# [WORK TASK]
In the records below, find the line with "Friend her husband" and the line with "View from North West."; return exactly those lines and every line between them.

# [SUPPLIED INFORMATION]
※ ※ ※

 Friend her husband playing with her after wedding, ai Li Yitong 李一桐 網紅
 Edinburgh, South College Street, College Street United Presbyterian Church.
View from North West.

※ ※ ※

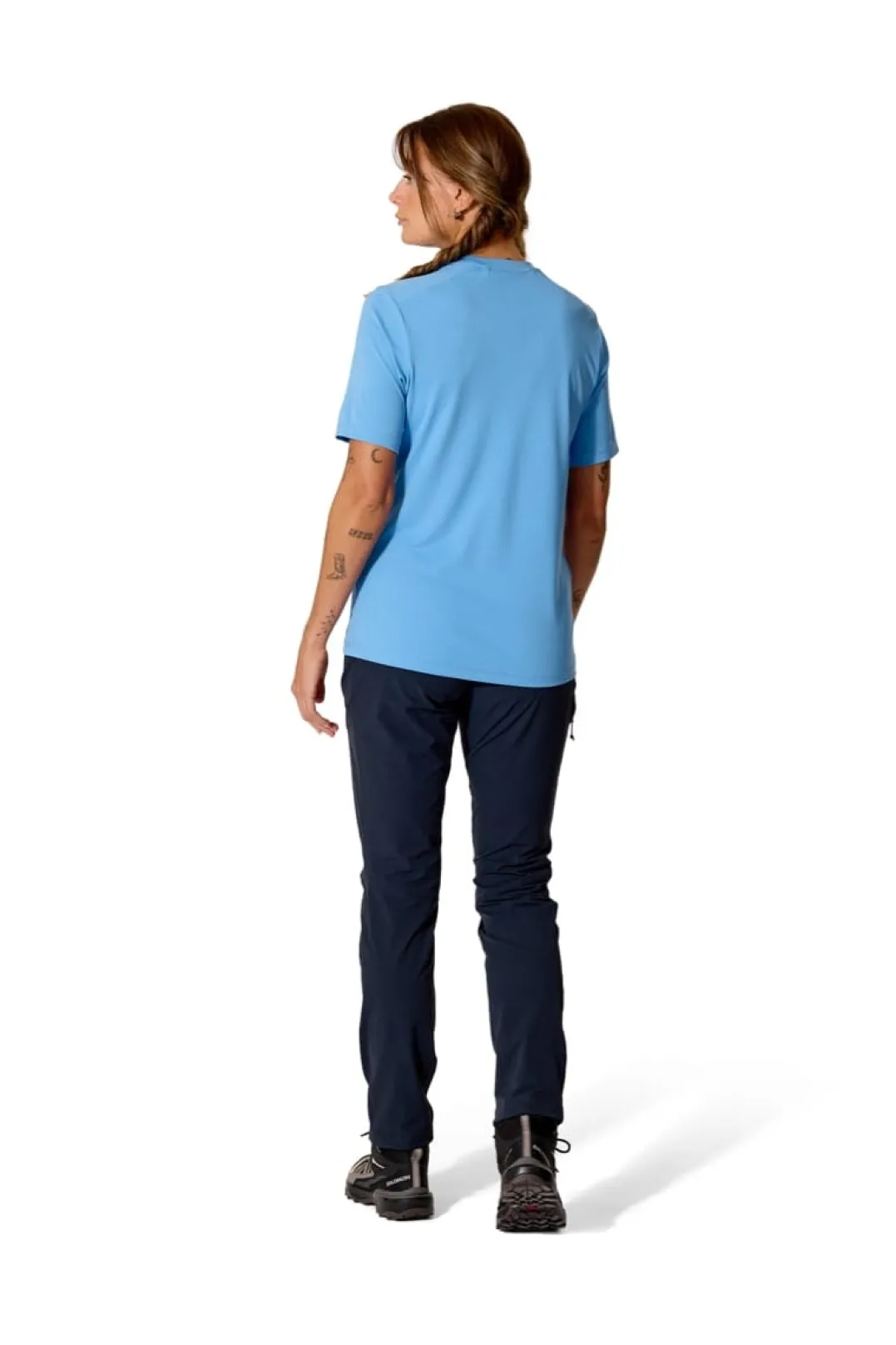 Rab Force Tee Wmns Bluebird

※ ※ ※

# [TASK ANSWER]
 Friend her husband playing with her after wedding, ai Li Yitong 李一桐 網紅
 Edinburgh, South College Street, College Street United Presbyterian Church.
View from North West.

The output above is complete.